Source records:
== Segment start ==

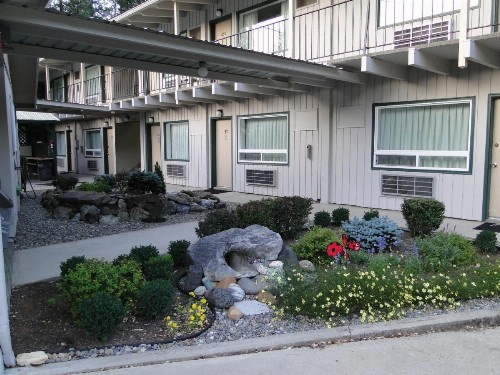 Konkolville Motel - image 6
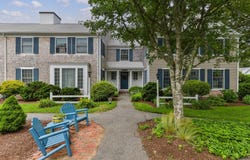 15 Pleasant Street, Harwich Port, MA 02646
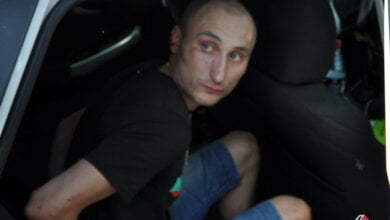 Николаевец сбил машиной злоумышленника, угрожавшего пистолетом его дочерям | Корабелов.ИНФО image 1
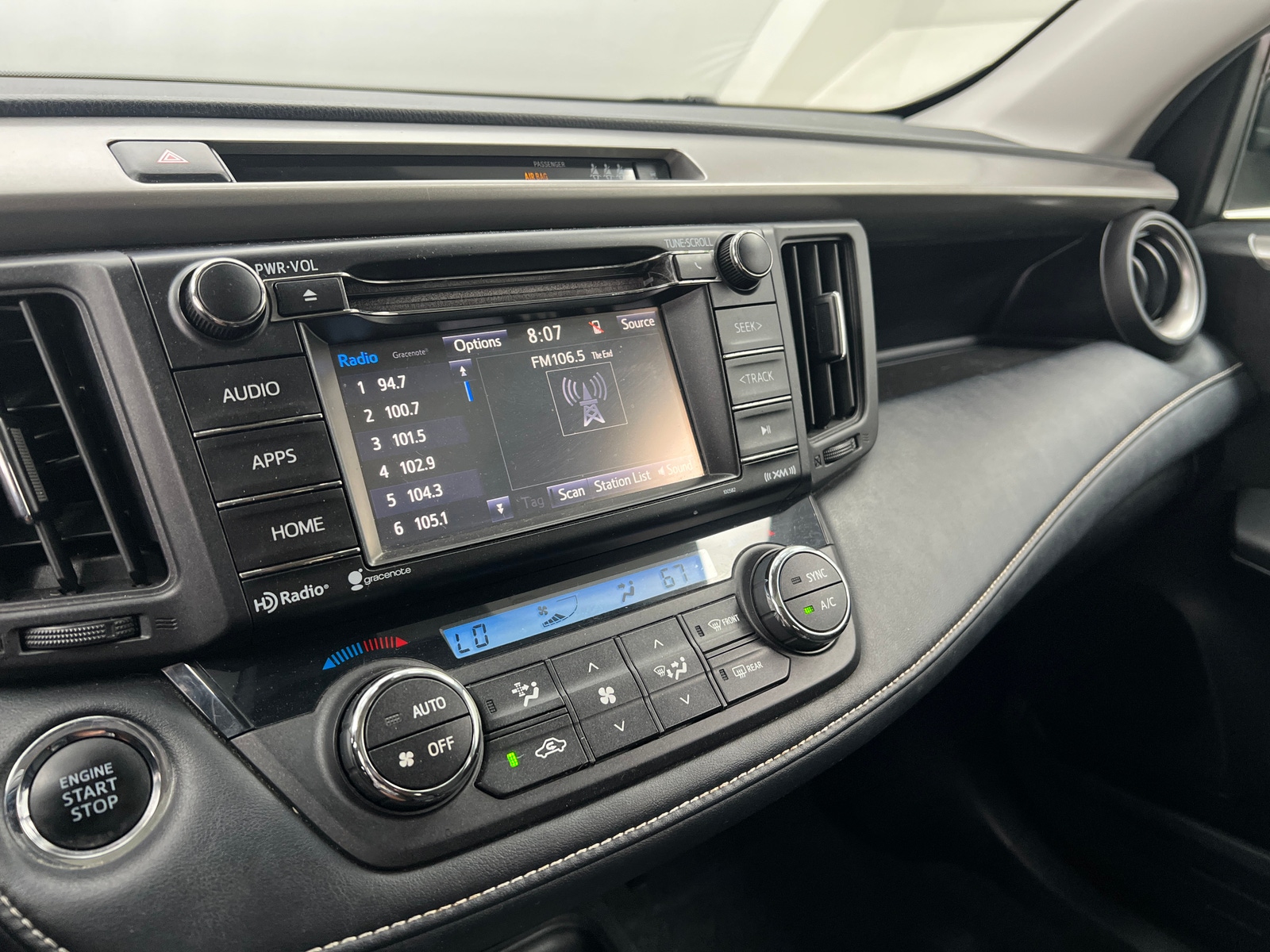 Thumbnail: 2018 Toyota RAV4 - 4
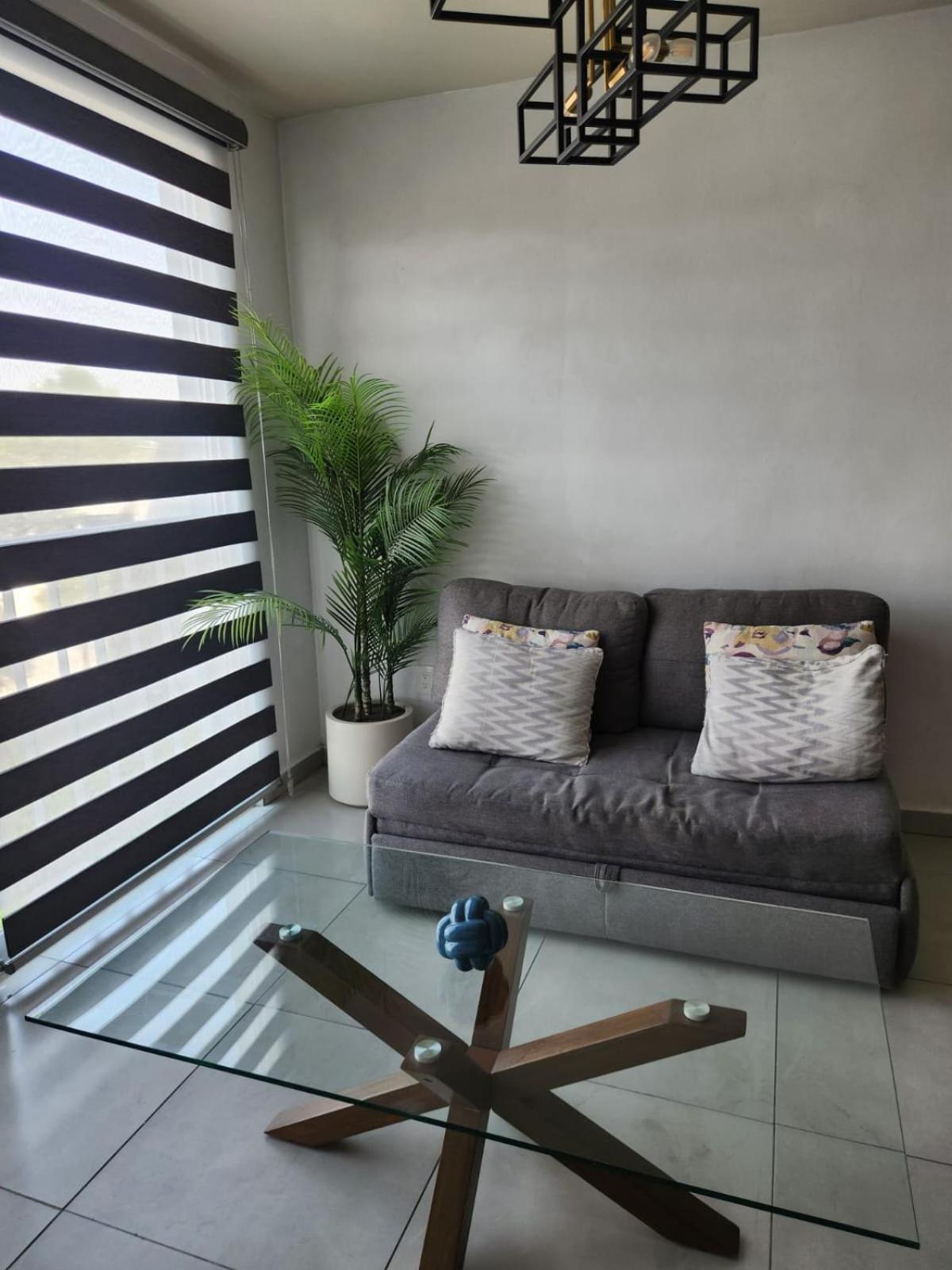 Departamento Nuevo Y Centrico Con Ambiente Familiar En Guadalajaraアパートメント エクステリア 写真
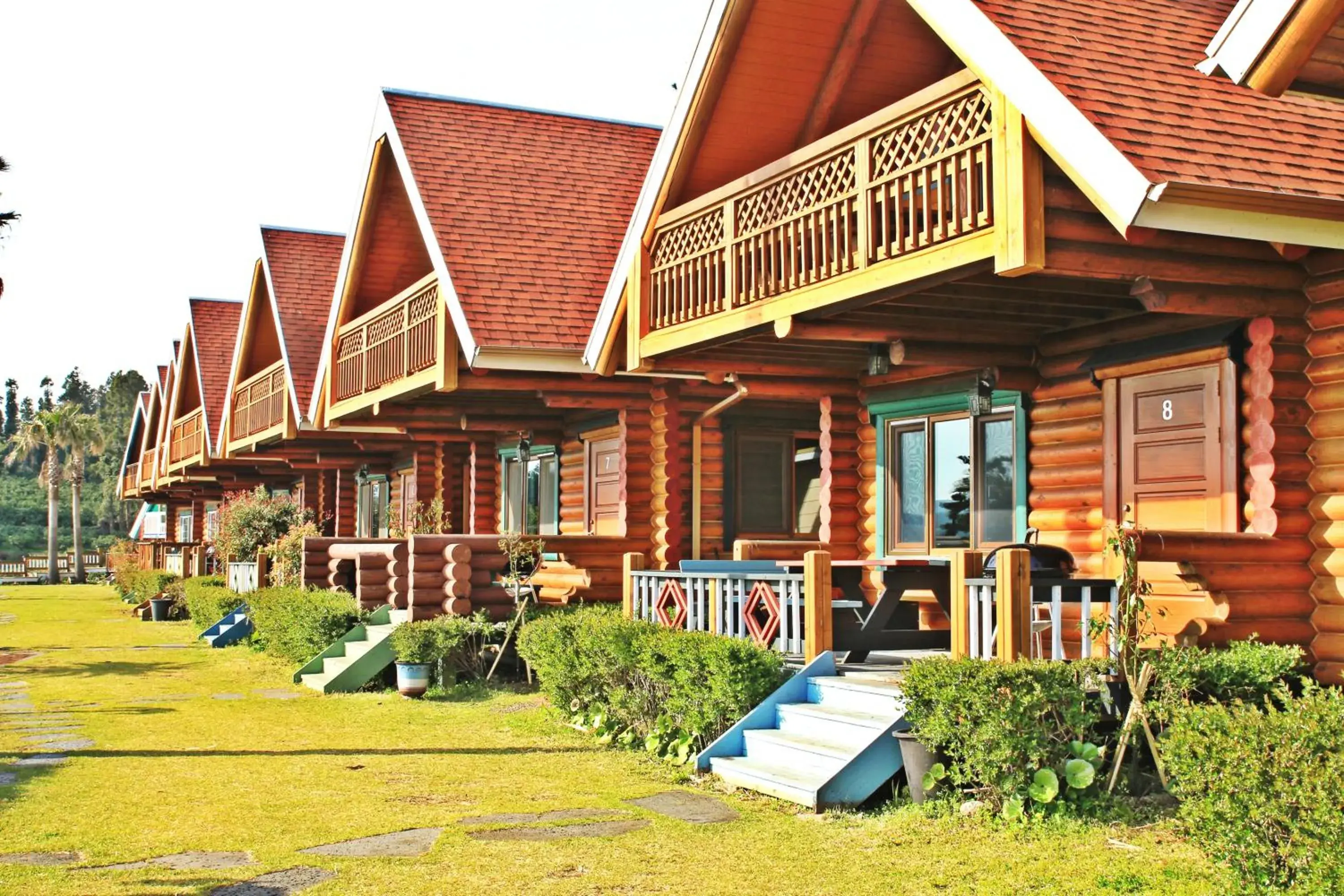 Facade/entrance in Jungmun Log Pension & Resort Facade/entrance in Jungmun Log Pension & Resort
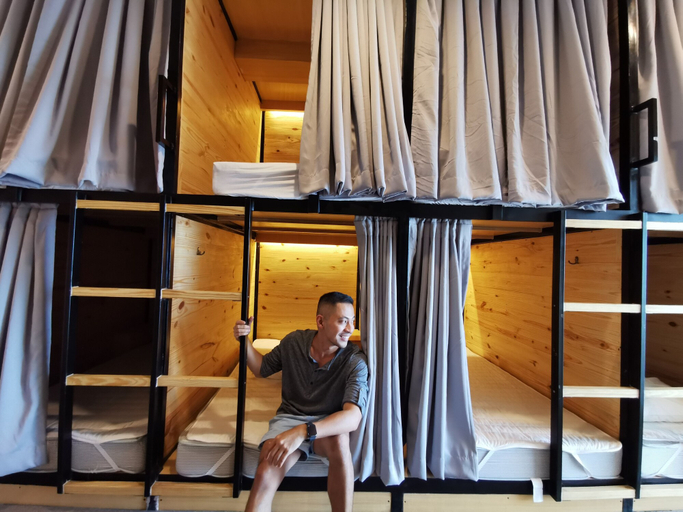 Bedroom 3, Murals Sleepbox Capsule Hostel - Adults Only, Cebu City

== Segment end ==

» **Directions for this task**: The data above should be restated exactly, with its images dropped.

» **Task answer**:
 Konkolville Motel - image 6
 15 Pleasant Street, Harwich Port, MA 02646
 Николаевец сбил машиной злоумышленника, угрожавшего пистолетом его дочерям | Корабелов.ИНФО image 1
 Thumbnail: 2018 Toyota RAV4 - 4
 Departamento Nuevo Y Centrico Con Ambiente Familiar En Guadalajaraアパートメント エクステリア 写真
 Facade/entrance in Jungmun Log Pension & Resort Facade/entrance in Jungmun Log Pension & Resort
 Bedroom 3, Murals Sleepbox Capsule Hostel - Adults Only, Cebu City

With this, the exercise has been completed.